What is being asked:
The records that follow are to be reproduced exactly. Any pictures in them are left out.

Image-caption web data:
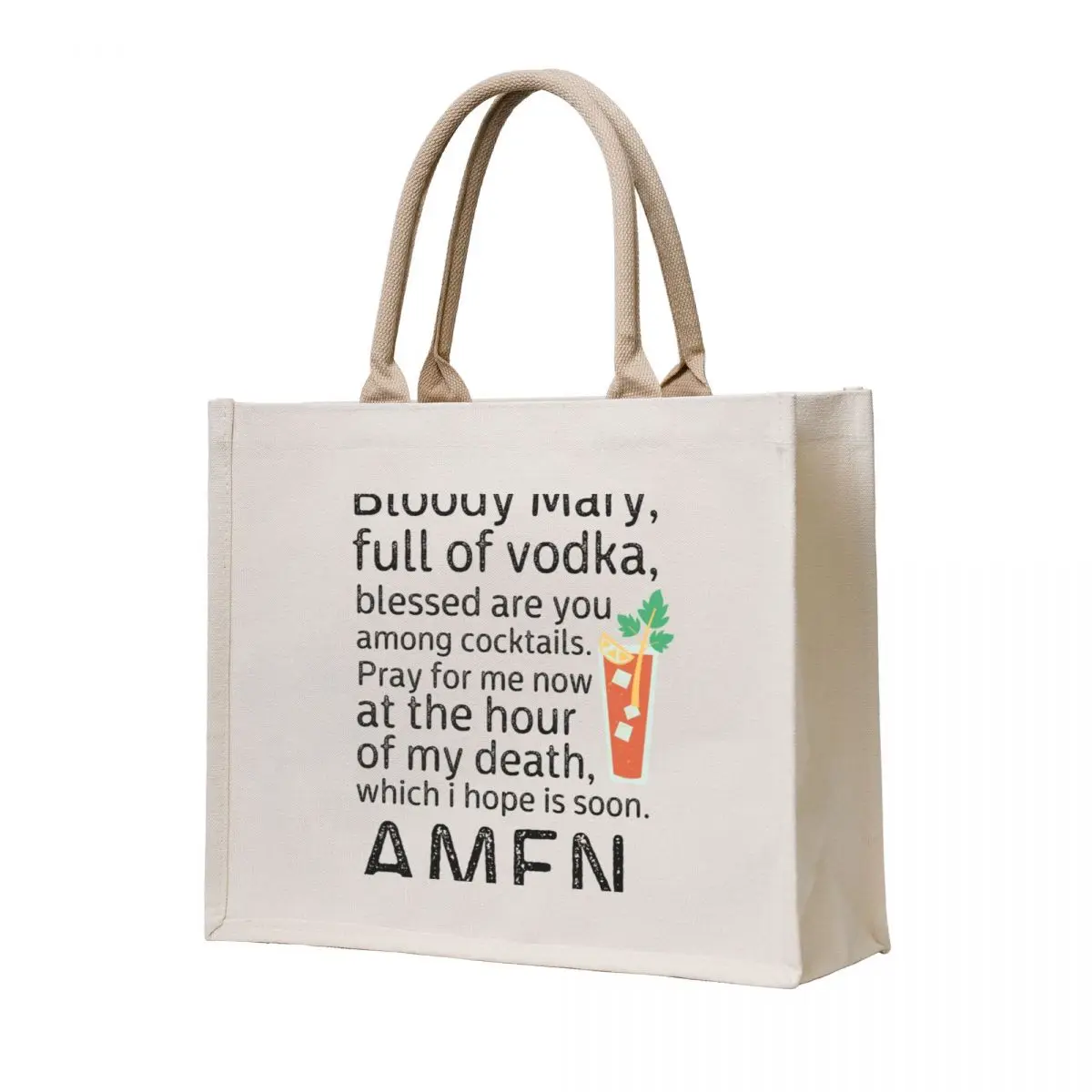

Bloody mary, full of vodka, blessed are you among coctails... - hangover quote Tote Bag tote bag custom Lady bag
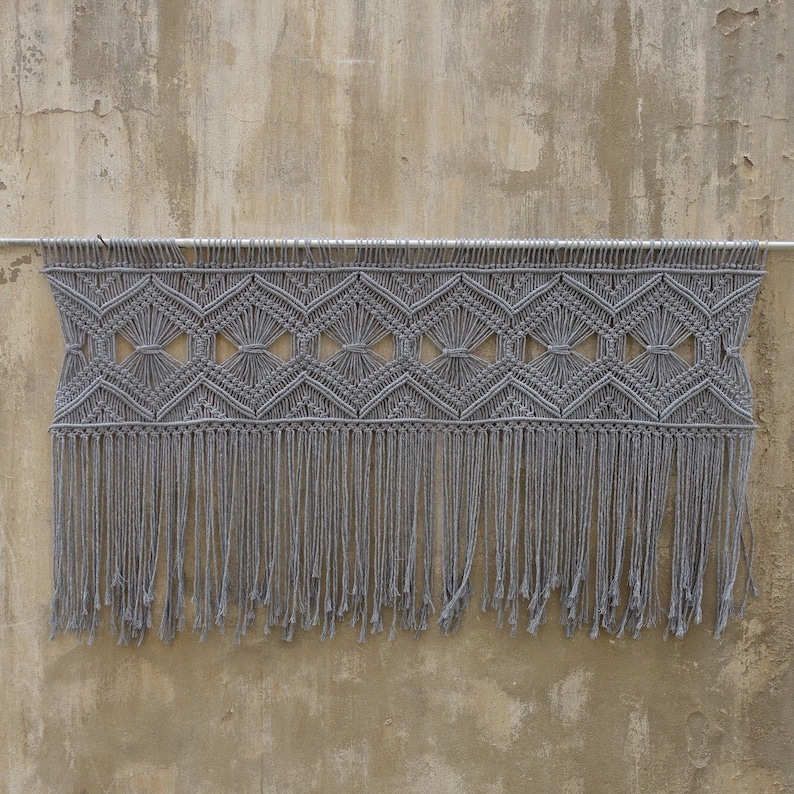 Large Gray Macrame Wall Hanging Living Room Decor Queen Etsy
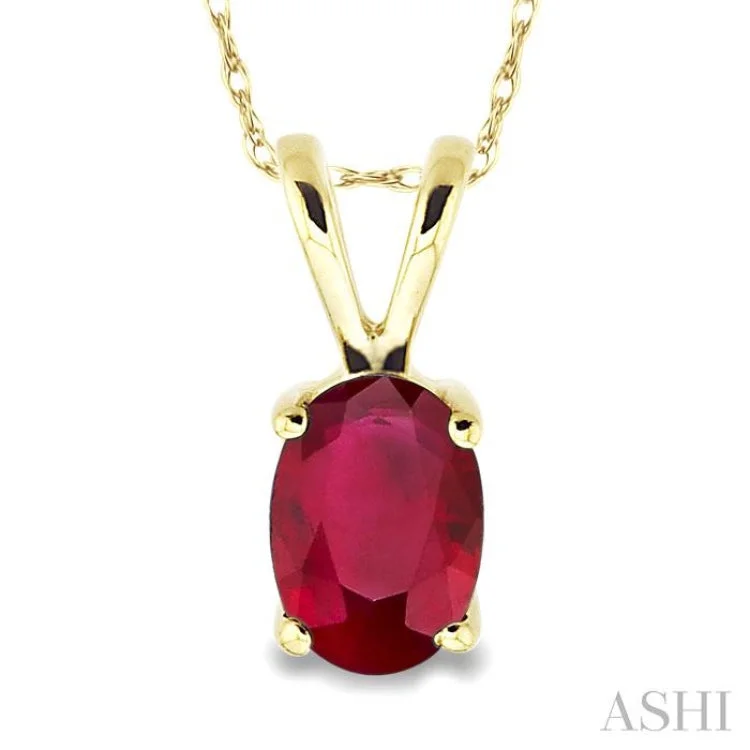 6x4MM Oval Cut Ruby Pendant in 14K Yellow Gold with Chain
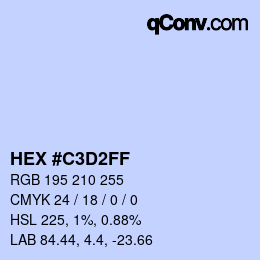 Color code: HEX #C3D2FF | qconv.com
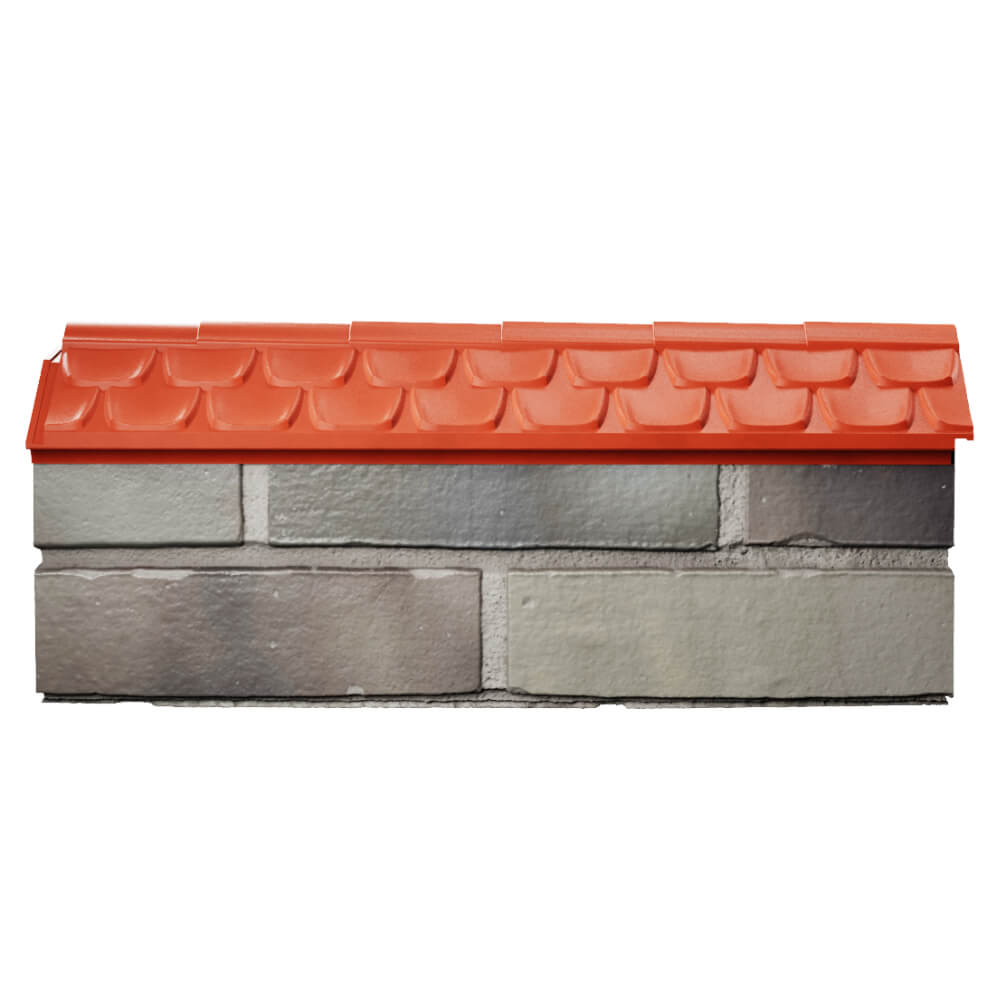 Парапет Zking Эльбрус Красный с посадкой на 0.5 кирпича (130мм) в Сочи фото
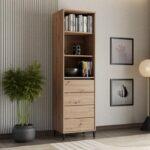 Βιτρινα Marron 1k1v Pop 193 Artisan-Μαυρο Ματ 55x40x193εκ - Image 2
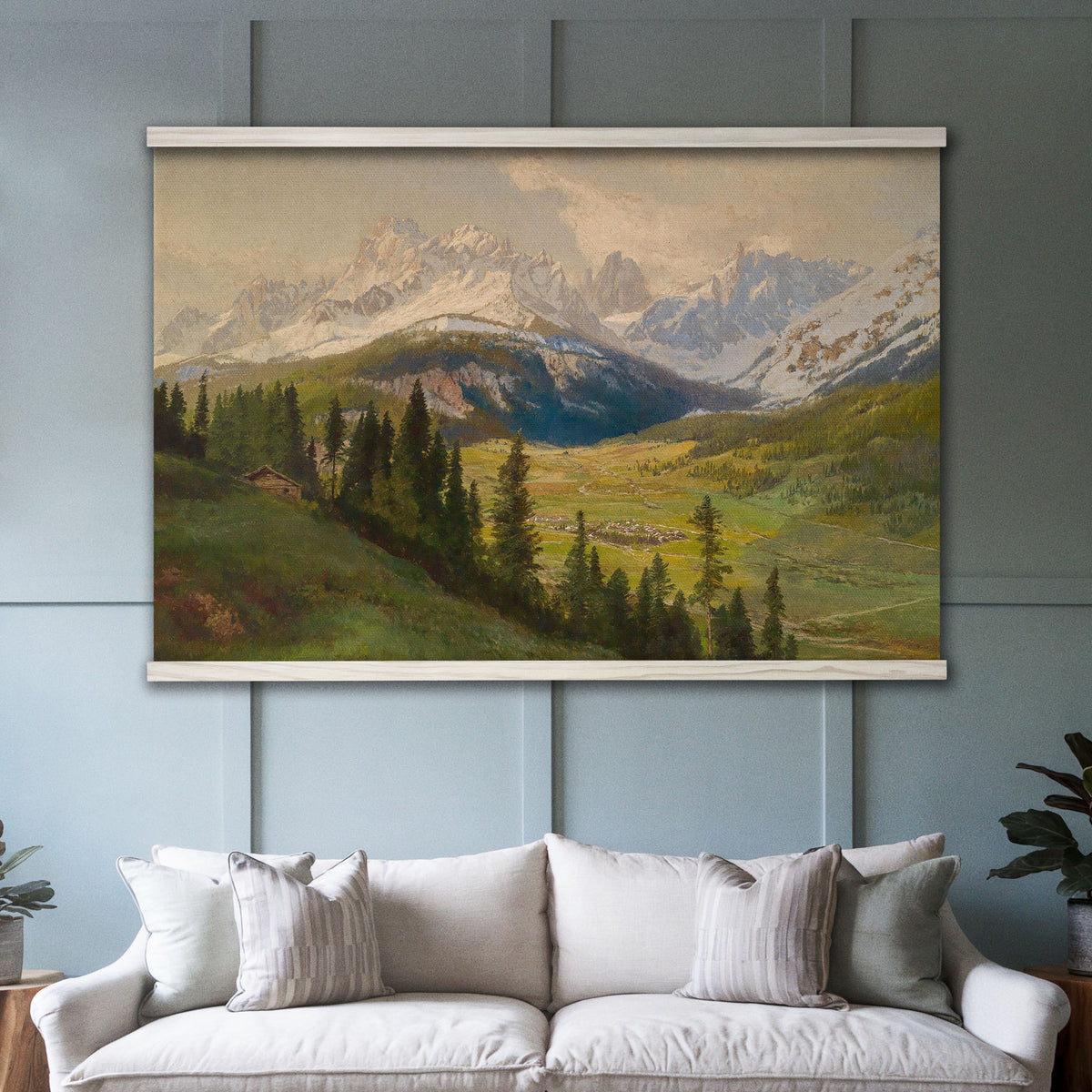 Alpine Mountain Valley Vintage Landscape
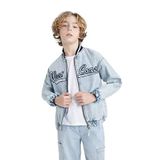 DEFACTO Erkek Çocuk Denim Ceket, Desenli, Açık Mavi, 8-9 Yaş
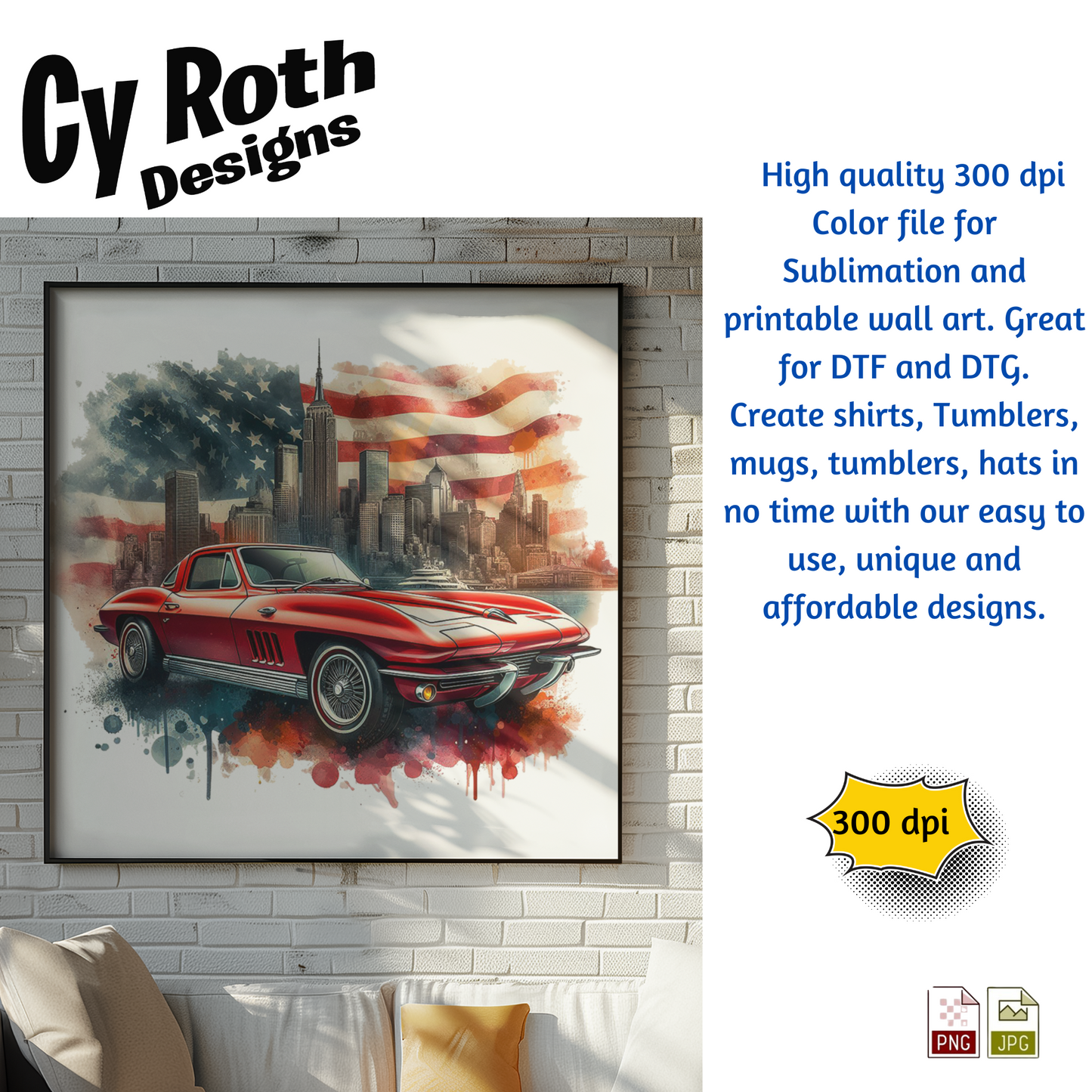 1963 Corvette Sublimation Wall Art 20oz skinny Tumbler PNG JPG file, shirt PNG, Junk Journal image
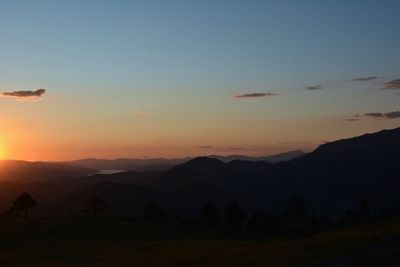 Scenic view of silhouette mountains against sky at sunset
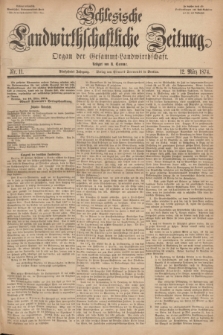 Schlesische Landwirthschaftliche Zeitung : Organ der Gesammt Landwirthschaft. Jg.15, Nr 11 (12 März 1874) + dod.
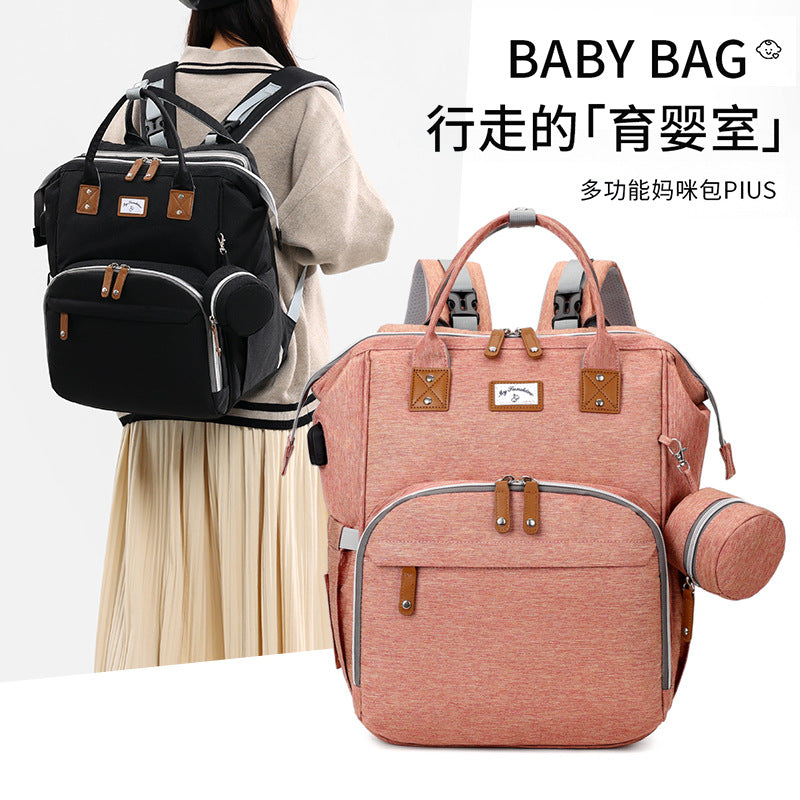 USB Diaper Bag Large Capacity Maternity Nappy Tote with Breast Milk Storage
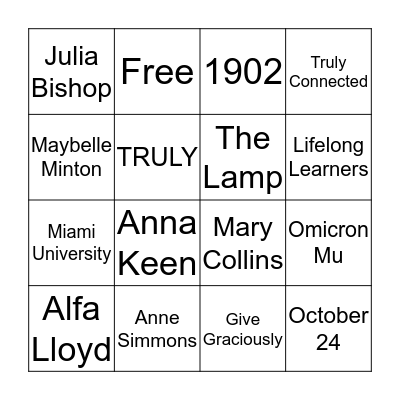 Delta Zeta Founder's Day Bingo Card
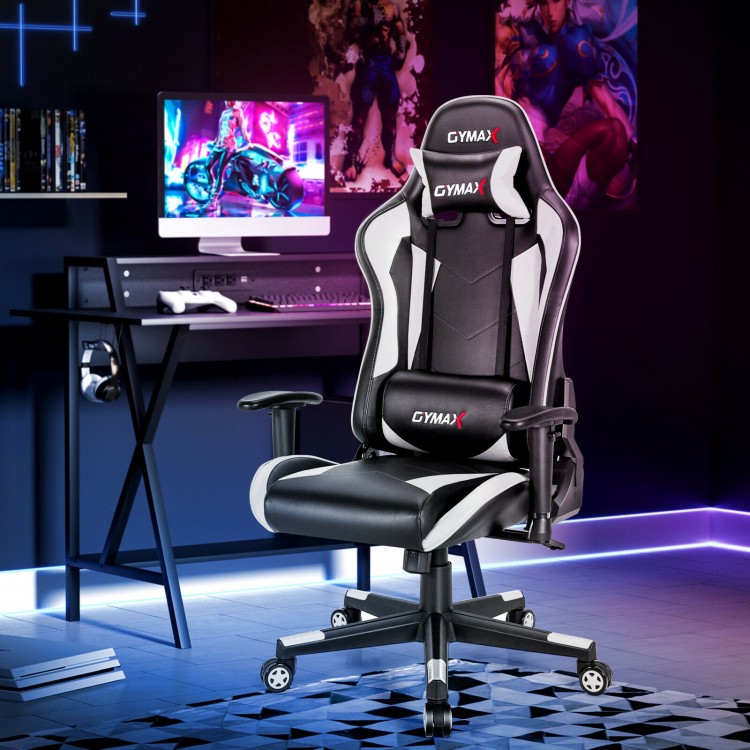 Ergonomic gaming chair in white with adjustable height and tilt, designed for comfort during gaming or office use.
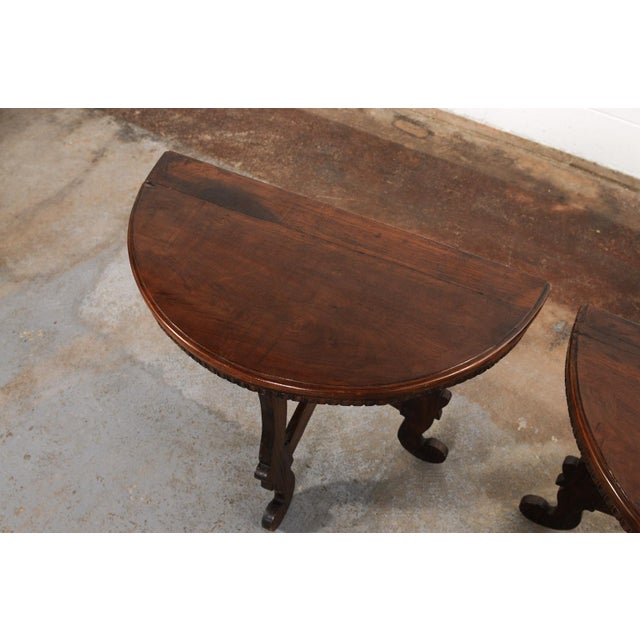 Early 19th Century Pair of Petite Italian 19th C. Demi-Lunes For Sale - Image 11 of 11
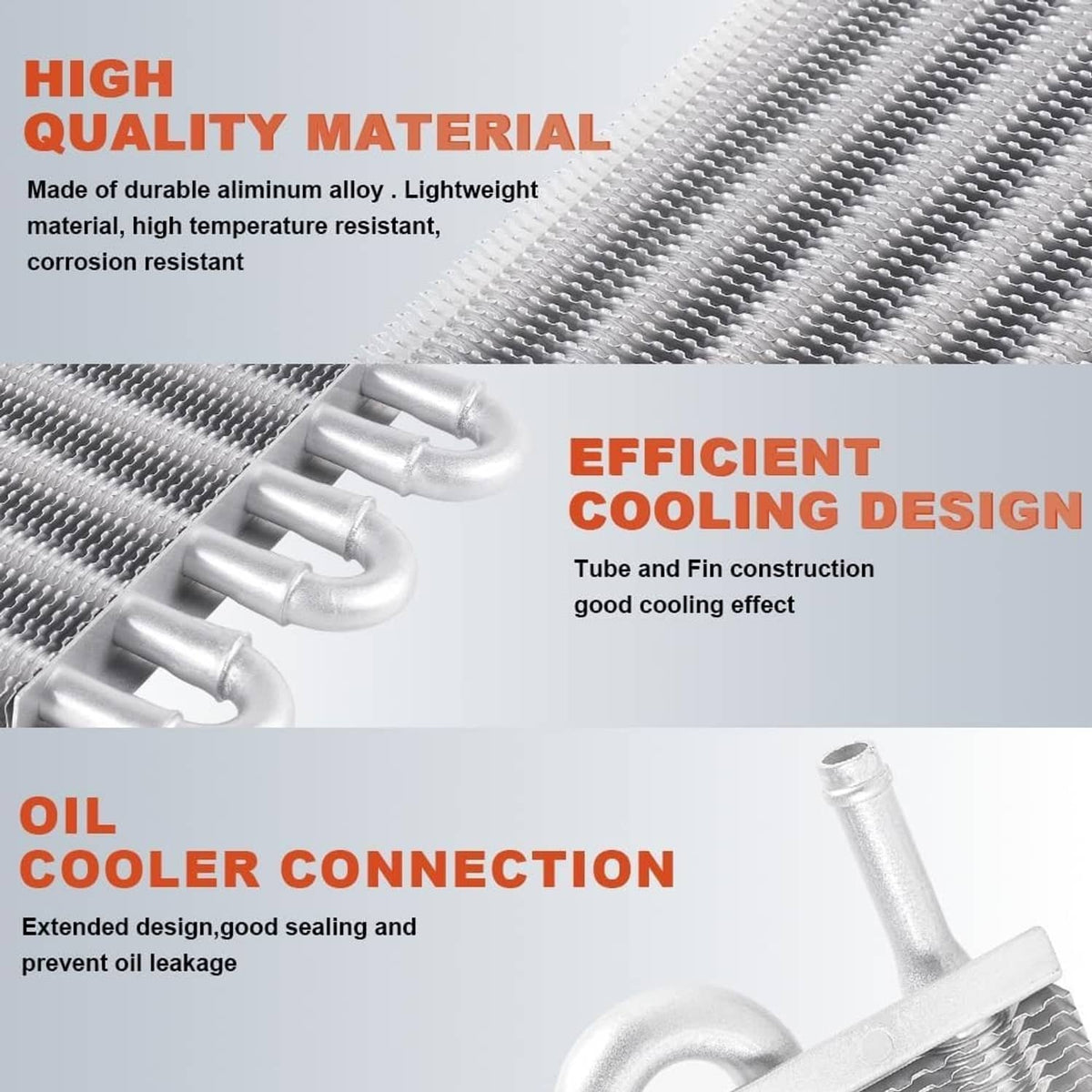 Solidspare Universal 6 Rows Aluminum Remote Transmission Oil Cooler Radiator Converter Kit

Response below:
Bloody mary, full of vodka, blessed are you among coctails... - hangover quote Tote Bag tote bag custom Lady bag
 Large Gray Macrame Wall Hanging Living Room Decor Queen Etsy
 6x4MM Oval Cut Ruby Pendant in 14K Yellow Gold with Chain
 Color code: HEX #C3D2FF | qconv.com
 Парапет Zking Эльбрус Красный с посадкой на 0.5 кирпича (130мм) в Сочи фото
 Βιτρινα Marron 1k1v Pop 193 Artisan-Μαυρο Ματ 55x40x193εκ - Image 2
 Alpine Mountain Valley Vintage Landscape
 DEFACTO Erkek Çocuk Denim Ceket, Desenli, Açık Mavi, 8-9 Yaş
 1963 Corvette Sublimation Wall Art 20oz skinny Tumbler PNG JPG file, shirt PNG, Junk Journal image
 Scenic view of silhouette mountains against sky at sunset
 Schlesische Landwirthschaftliche Zeitung : Organ der Gesammt Landwirthschaft. Jg.15, Nr 11 (12 März 1874) + dod.
 USB Diaper Bag Large Capacity Maternity Nappy Tote with Breast Milk Storage
 Delta Zeta Founder's Day Bingo Card
 Ergonomic gaming chair in white with adjustable height and tilt, designed for comfort during gaming or office use.
 Early 19th Century Pair of Petite Italian 19th C. Demi-Lunes For Sale - Image 11 of 11
 Solidspare Universal 6 Rows Aluminum Remote Transmission Oil Cooler Radiator Converter Kit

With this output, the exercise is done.